I think there are some challenges on how you do panels, which is especially in the clinical space, very important. Where we definitely saw them put a strong foot forward, it was in the what we call the counting application, where the Simplex read is able to address that market segment. From what we can see and when we understand the market and we see that that is around probably around less than $100 million of the space that we participate in. We feel good about that. I think the more important part of that market is less about the cost of sequencing.
Really, the cost of these experiments in the counting application that is sitting between the single cell, the bulk RNA obviously also, and of course, the affinity protein part, which is probably the majority of the counting applications, is that the library prep is much more expensive than the sequencing. Thereby, you're not really getting a lot of benefit from a customer perspective to drive down the price of sequencing. Yeah, of course, you save money, but it's not like you suddenly can do if you drive down the price of sequencing a factor of 2, that you get 2 times as big experiments. You might be able to do 20% more. The notion of just driving one parameter in that experiment is not helping for any elasticity conversation anymore.
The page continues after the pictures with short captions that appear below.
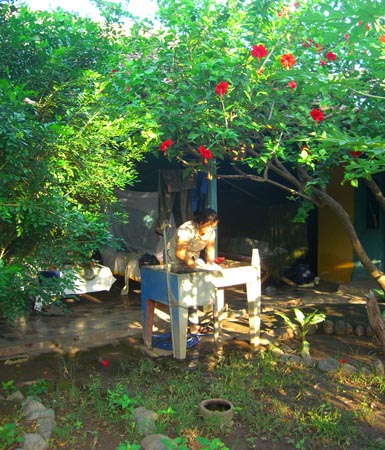 8-Washing clothes in the pila at Casa Baltimore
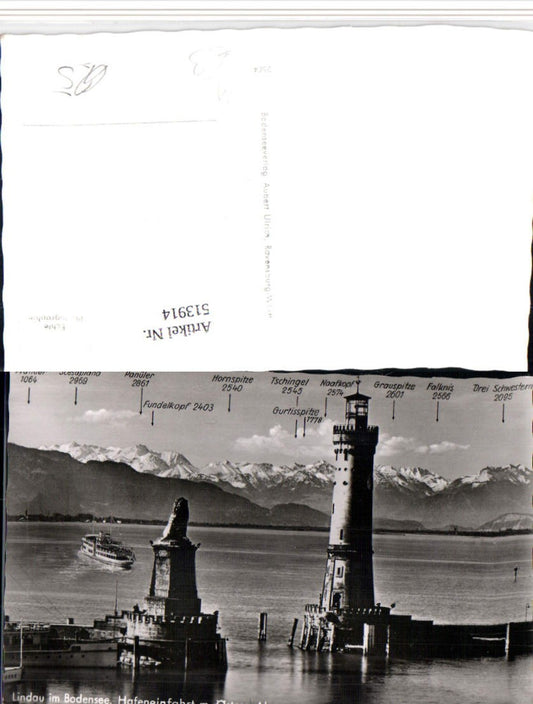 513914,Lindau im Bodensee Hafeneinfahrt Leuchtturm Bergkulisse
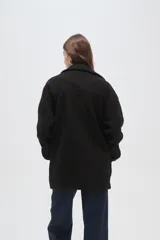 Tapado de lana con diseño a cuadros en tonos marrones y beige, de corte holgado, con cuello de solapa y cierre frontal con botones.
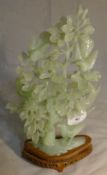 A jade carving of birds in a tree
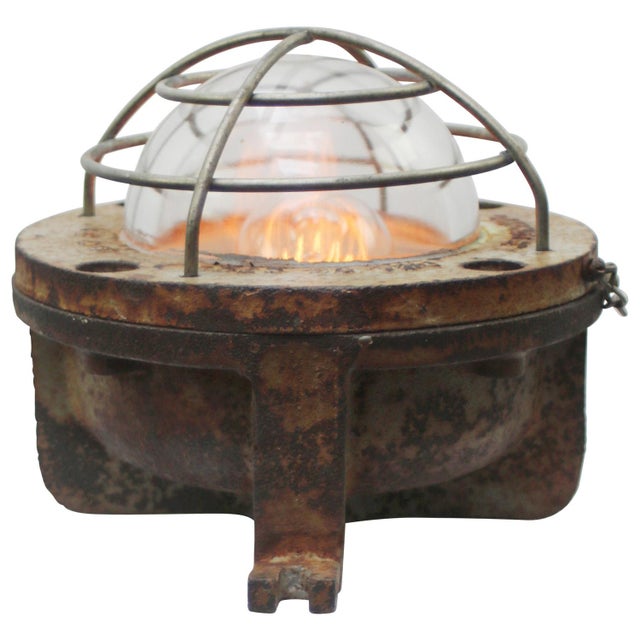 French industrial scone, cast iron wall light by ch. & g. Grimmeisen, paris, france rust brown cast iron with clear...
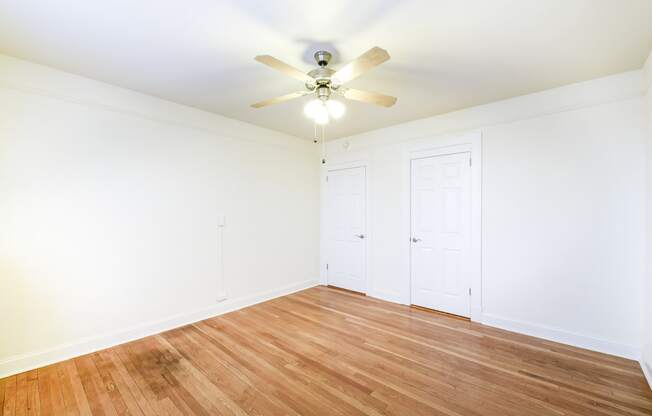 Wakefield-Hall-Bedroom-Closed-Closet-Doors-and-Ceiling-Fan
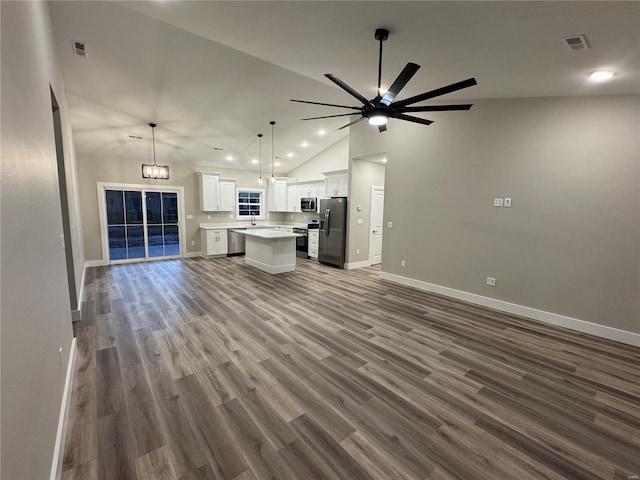unfurnished living room featuring visible vents, baseboards, a ceiling fan, and recessed lighting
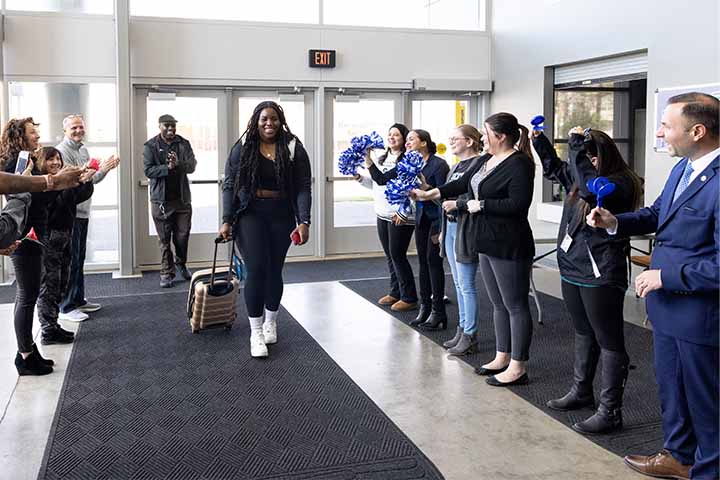 Shahyan Abraham being sent off to NCAA tournament by Stockton community members in the Sports Center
That's what researchers wanna do. They wanna go from 10,000 single-cell to 100,000, from 100,000 to 1 million. Therefore, that's the reason we acquired Fluent, we acquired SomaLogic, and other elements to really address the end-to-end application. We can drive down the cost of the whole workflows to really make sure that elasticity is working. We feel good about our position in that space, even though the headline is a very lower cost, you know, cost per million read.
Okay. Well, we can come back. I mean, we'll have some more questions on that.
Yeah.
I don't wanna spend the first 10 minutes or 15 minutes on that, but we'll circle back a little bit more. Maybe just kinda switching over to the key tenets of your guidance this year, right? 1% to 3% organic growth, ex China. Maybe from a high level, what would you characterize as some of the levers that take you outside the range, either on the upside or the downside? You know, would you view that, you know, the way you set the guide? Like some companies will set the guide, and they'll say, "The midpoint's at the low end or the midpoint's at the high end." Would you view that 1% to 3% fair, conservative, or, you know, maybe on the aggressive side?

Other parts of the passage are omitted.